Hoy, abriendo el correo del interior, he visto un artículo de Eduardo Castillo sobre Rostand. El poeta bogotano nos dice, casi tímidamente y después de mencionar a M. de Gourmont, algo que muchos barruntábamos ya: que el Sr. Rostand fue sin duda un poeta “un poco vacío”, pero deslumbrador; trata de explicar la gloria inusitada que adquirió en Francia, en cierta época, el popular dramaturgo a quien pueden aplicarse justamente varios adjetivos sugestivos: pomposo, aparatoso, brillante; y luego nos habla de sus hermosas corbatas, de sus automóviles y de sus caballos de sangre árabe. Esta última parte que se refiere a las costumbres y los caprichos personales del Sr. Rostand, me ha hecho pensar, una vez más, en la importancia muy visible que nuestros críticos conceden al detalle biográfico. Lo único que muchos sabemos, por ejemplo, del Sr. Barbey d’Aurevilly, es que ese estimable caballero solía usar unos chalecos demasiado despampanantes; también sabemos del Sr. Catulle Mendes que gustaba de salir a la calle sin sombrero y en mangas de camisa. ¿Y quién no se ha deleitado leyendo algunas insustanciales relaciones de la vida íntima de D’Annunzio o de las extravagancias de M. Bernard Shaw? Yo creo que todas esas notabilidades americanas, los Ugartes, los Ingenieros, los Dominicis, los Gómez Carrillos que asaltaban algunas capitales europeas a caza de amigos ilustres, todos esos mulatos flamantes y cronistas bulevarderos que gustaban de averiguar concienzudamente qué clase de medias calzaba el Sr. Rostand y cuántas camisas de seda gasta el Sr. Barrés, han influido para que nuestro público intelectual tome cariño al detalle biográfico y descuide totalmente la crítica de las obras y de las ideas.

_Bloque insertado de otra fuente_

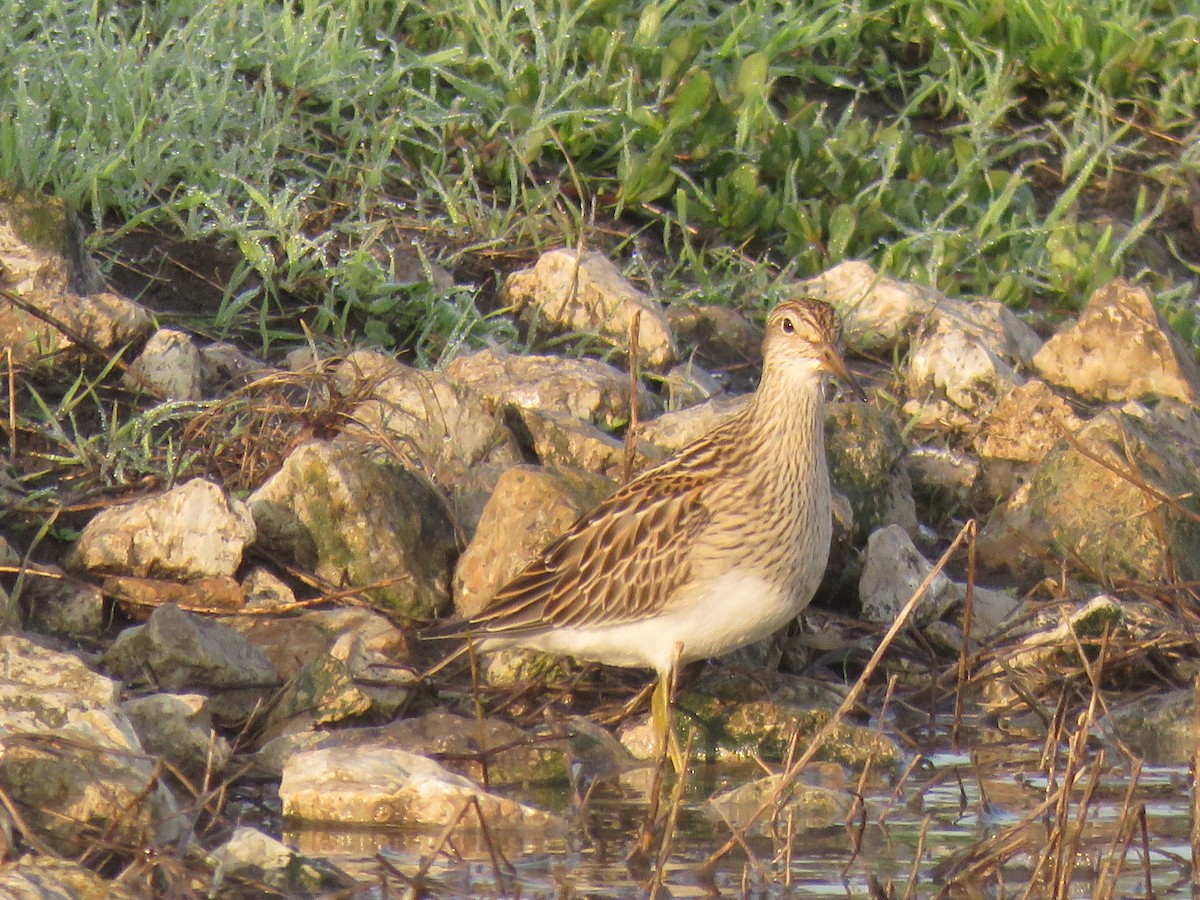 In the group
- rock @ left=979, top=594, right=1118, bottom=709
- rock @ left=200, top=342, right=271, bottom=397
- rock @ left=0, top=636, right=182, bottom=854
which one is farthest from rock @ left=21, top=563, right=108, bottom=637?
rock @ left=979, top=594, right=1118, bottom=709

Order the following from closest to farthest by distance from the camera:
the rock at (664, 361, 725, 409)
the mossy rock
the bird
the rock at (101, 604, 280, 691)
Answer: the rock at (101, 604, 280, 691) < the bird < the mossy rock < the rock at (664, 361, 725, 409)

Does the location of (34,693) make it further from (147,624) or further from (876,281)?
(876,281)

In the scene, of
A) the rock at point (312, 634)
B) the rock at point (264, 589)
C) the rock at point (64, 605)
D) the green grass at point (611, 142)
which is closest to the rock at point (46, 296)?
the green grass at point (611, 142)

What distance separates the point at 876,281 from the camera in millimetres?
7953

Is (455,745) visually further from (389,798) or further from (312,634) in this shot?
(312,634)

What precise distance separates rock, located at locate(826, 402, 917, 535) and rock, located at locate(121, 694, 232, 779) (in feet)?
7.97

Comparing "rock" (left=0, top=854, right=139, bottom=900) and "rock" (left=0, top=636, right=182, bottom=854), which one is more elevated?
"rock" (left=0, top=854, right=139, bottom=900)

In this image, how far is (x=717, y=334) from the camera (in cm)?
789

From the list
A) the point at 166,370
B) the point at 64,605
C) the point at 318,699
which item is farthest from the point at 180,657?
the point at 166,370

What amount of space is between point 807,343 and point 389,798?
1.88 meters

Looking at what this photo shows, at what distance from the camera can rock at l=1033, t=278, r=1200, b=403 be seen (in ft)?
25.6

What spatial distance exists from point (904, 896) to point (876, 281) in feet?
12.7

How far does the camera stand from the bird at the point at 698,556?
18.7 feet

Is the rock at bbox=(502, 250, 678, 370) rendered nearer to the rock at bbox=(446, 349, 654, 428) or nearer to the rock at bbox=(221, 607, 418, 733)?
the rock at bbox=(446, 349, 654, 428) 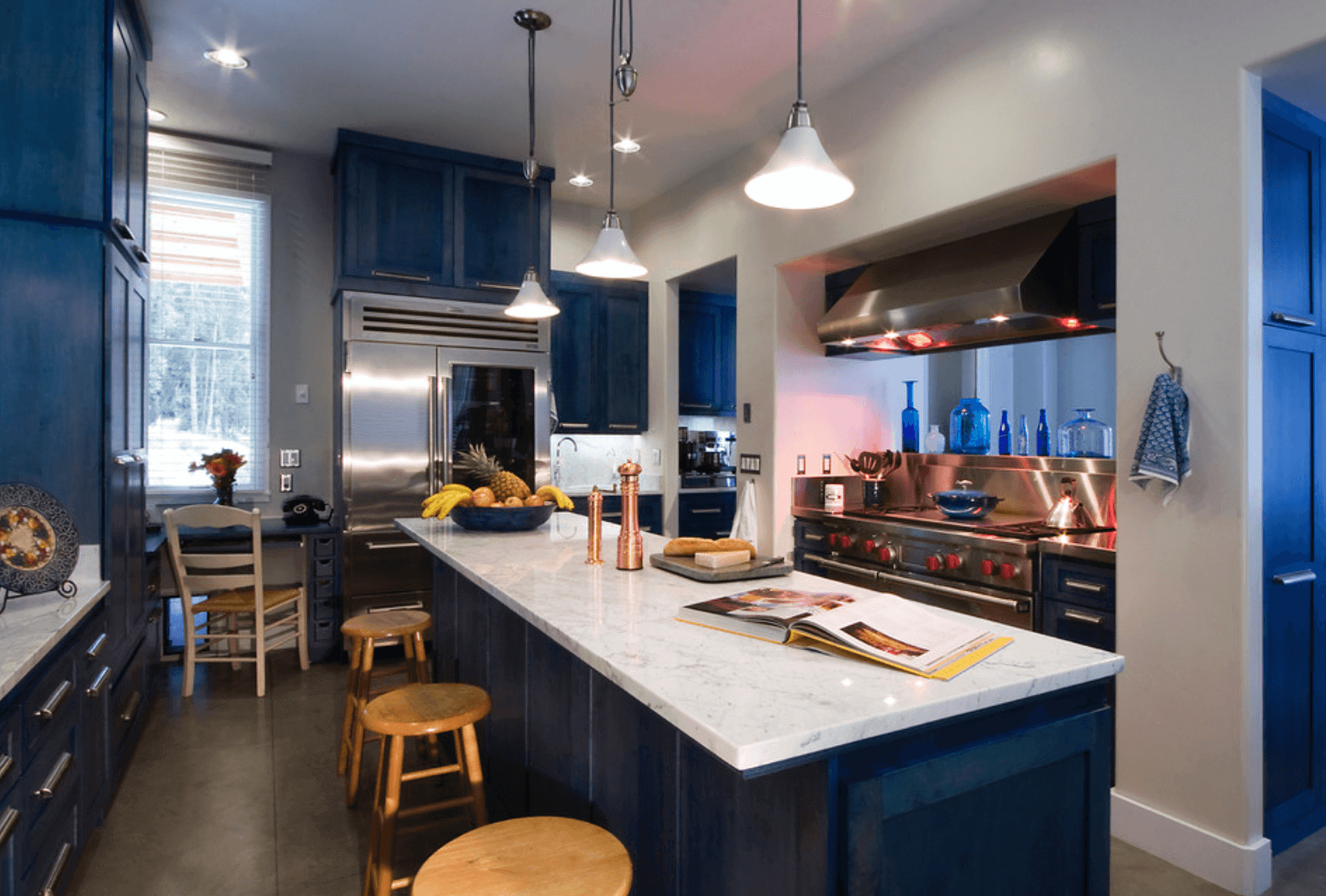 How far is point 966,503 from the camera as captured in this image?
138 inches

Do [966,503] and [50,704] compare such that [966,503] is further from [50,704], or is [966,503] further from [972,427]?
[50,704]

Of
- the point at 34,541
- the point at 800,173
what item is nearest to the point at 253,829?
the point at 34,541

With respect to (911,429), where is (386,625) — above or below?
below

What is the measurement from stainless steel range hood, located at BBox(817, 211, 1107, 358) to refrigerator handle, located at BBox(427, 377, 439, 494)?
7.49 feet

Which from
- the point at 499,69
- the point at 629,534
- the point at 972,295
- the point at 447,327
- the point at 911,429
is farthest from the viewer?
the point at 447,327

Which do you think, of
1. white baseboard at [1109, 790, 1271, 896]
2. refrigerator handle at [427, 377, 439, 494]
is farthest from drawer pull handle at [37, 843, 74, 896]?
white baseboard at [1109, 790, 1271, 896]

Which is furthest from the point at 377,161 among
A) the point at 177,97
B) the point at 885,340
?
the point at 885,340

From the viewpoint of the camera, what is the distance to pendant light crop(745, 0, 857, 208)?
5.73 feet

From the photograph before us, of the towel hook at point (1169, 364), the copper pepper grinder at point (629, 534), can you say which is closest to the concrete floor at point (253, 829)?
the copper pepper grinder at point (629, 534)

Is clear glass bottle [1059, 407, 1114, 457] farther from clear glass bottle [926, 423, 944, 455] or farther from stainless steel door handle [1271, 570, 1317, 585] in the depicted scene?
stainless steel door handle [1271, 570, 1317, 585]

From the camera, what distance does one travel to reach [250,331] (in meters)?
4.64

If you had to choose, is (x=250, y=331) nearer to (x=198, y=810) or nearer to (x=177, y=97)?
(x=177, y=97)

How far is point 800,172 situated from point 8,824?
2208mm

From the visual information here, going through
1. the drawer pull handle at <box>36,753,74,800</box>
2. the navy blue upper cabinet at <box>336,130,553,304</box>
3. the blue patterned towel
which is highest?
the navy blue upper cabinet at <box>336,130,553,304</box> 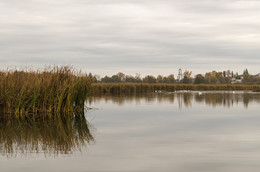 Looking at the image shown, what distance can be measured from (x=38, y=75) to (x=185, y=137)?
24.9ft

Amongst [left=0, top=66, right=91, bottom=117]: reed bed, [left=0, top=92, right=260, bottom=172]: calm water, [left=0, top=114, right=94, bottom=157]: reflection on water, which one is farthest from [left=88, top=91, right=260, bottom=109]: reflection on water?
[left=0, top=114, right=94, bottom=157]: reflection on water

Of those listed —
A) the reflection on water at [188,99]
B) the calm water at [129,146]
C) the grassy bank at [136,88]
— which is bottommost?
the calm water at [129,146]

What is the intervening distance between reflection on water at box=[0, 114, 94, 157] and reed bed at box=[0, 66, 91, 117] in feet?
1.93

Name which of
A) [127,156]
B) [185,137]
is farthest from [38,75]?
[127,156]

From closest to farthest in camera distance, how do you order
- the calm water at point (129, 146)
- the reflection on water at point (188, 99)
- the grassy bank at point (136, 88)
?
the calm water at point (129, 146) < the reflection on water at point (188, 99) < the grassy bank at point (136, 88)

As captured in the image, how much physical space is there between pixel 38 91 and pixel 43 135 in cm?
434

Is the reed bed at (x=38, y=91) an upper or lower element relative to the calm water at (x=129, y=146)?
upper

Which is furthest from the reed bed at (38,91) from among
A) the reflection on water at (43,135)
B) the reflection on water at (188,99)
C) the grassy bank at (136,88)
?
the grassy bank at (136,88)

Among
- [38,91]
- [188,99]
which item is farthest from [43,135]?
[188,99]

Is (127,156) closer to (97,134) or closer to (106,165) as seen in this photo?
(106,165)

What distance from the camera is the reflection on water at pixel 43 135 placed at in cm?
793

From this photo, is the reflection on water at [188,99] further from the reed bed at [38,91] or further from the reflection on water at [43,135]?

¡Las ideas! Es que, hay que confesarlo, a nosotros no nos interesan las ideas. Sólo nos sugestionan los hombres y sus vidas más o menos pintorescas. Hay una pereza intelectual, estamos todos contaminados de un terrible miedo a pensar que nos empuja a las frivolidades y nos aparta del análisis. Hace pocos días, el Dr. Luis López de Mesa publicó un interesante libro. A propósito, varios conocidos literatos hablaron del Dr. López de Mesa. ¿Pero se dijo algo del libro? ¿Se comentaron las ideas expuestas en el libro? Tal vez don Enrique Restrepo, el único, se ocupó del libro con demasiada benevolencia quizá. Pero todos los demás nos dijeron que el Dr. López es un joven muy distinguido. En lo cual estamos de acuerdo.

El Universal, “Glosas insignificantes”,

Barranquilla, 24 de diciembre de 1918.

19 Fue imposible hallar la primera parte de este texto.